What to produce: Below are some entries. Transcribe the lines from the one holding "Located at 165" to the one holding "The lobby features", inclusive, but not the pictures among them.
Start of Dataset entries
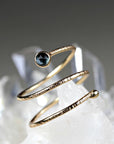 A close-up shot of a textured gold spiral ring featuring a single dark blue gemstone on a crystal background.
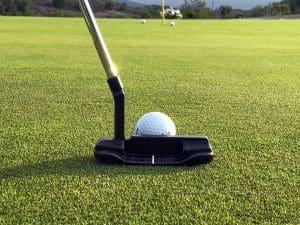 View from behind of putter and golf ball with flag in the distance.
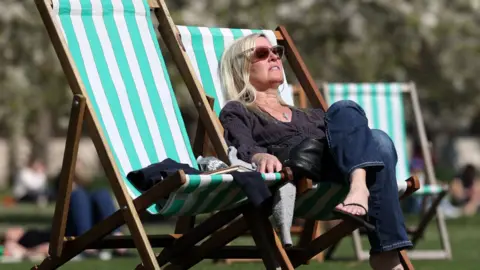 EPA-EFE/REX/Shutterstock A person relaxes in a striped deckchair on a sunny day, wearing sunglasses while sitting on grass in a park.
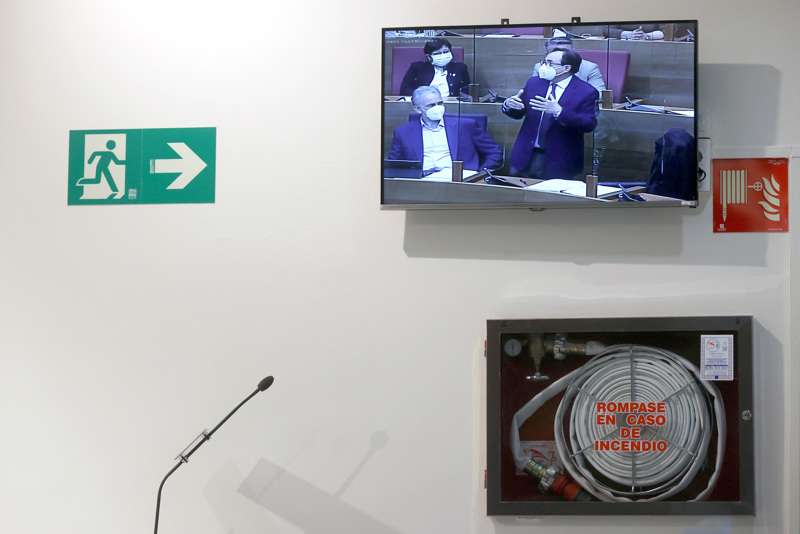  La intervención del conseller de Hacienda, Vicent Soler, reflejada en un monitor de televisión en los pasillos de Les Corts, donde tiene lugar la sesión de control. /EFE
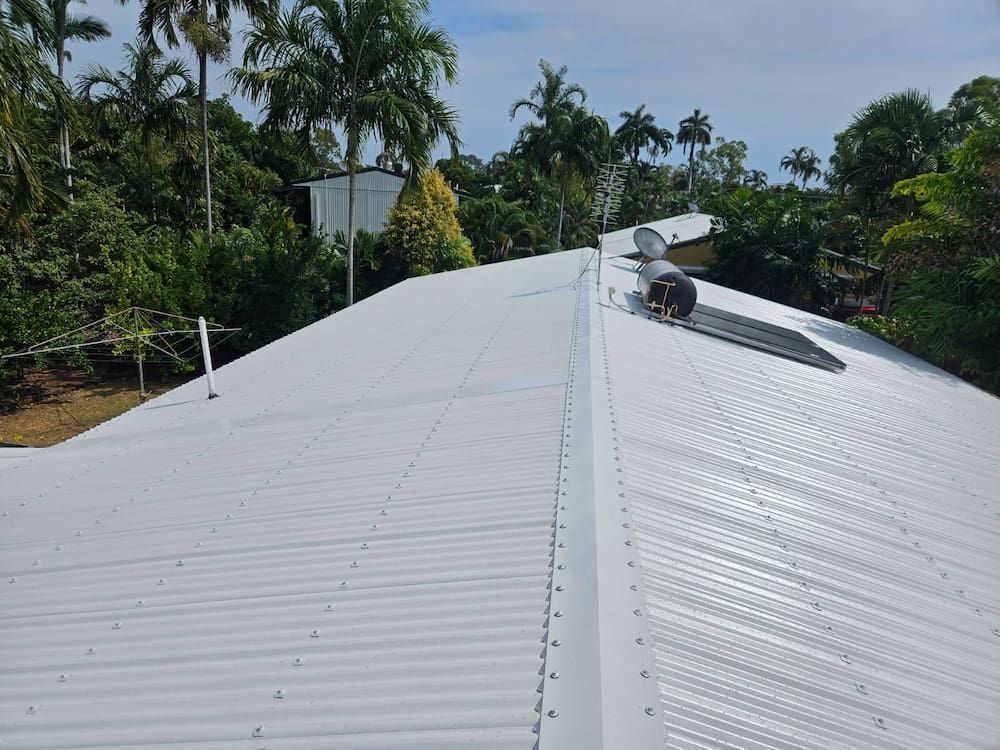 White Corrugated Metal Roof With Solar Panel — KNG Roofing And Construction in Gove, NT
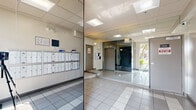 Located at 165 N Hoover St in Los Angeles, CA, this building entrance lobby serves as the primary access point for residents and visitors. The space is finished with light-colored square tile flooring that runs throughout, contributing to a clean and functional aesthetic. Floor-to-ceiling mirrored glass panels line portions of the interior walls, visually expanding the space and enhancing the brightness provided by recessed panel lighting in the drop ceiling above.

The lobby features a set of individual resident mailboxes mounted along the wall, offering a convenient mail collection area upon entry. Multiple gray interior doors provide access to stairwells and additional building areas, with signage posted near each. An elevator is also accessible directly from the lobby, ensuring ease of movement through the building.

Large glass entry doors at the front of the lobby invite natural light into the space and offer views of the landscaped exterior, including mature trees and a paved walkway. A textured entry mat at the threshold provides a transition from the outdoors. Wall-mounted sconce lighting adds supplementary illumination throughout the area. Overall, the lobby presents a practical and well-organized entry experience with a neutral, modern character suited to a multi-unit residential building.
End of Dataset entries
Start of Dataset entries
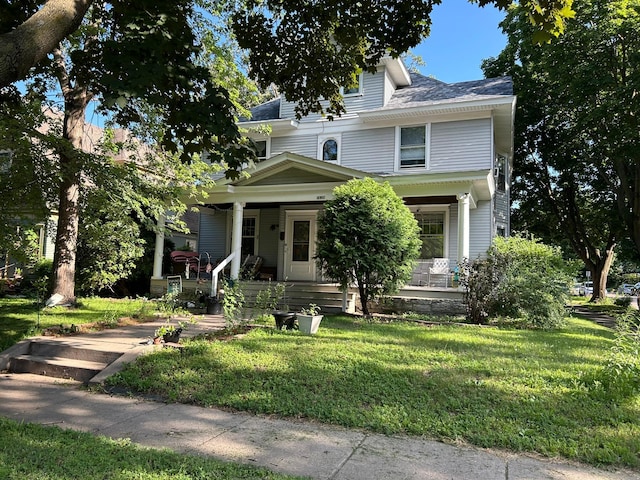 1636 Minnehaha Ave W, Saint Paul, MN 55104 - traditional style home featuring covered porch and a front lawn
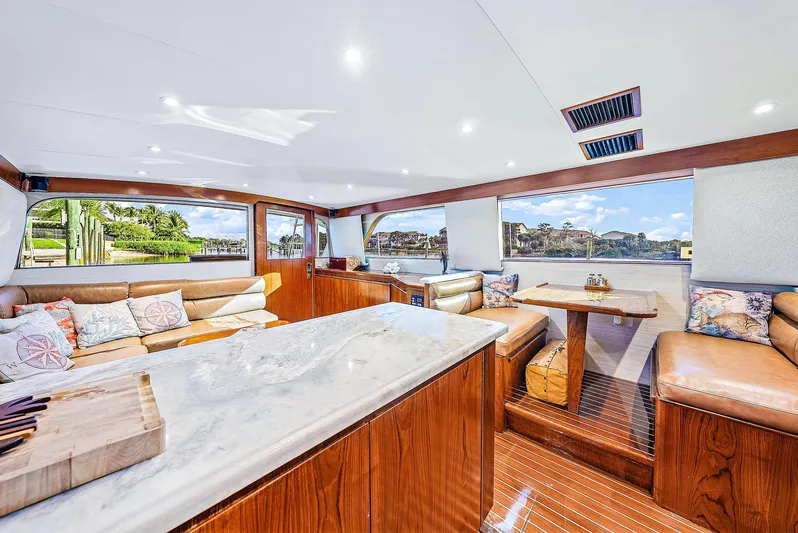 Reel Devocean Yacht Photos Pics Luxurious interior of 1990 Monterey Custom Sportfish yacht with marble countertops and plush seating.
End of Dataset entries
Exercise solution:
 Located at 165 N Hoover St in Los Angeles, CA, this building entrance lobby serves as the primary access point for residents and visitors. The space is finished with light-colored square tile flooring that runs throughout, contributing to a clean and functional aesthetic. Floor-to-ceiling mirrored glass panels line portions of the interior walls, visually expanding the space and enhancing the brightness provided by recessed panel lighting in the drop ceiling above.

The lobby features a set of individual resident mailboxes mounted along the wall, offering a convenient mail collection area upon entry. Multiple gray interior doors provide access to stairwells and additional building areas, with signage posted near each. An elevator is also accessible directly from the lobby, ensuring ease of movement through the building.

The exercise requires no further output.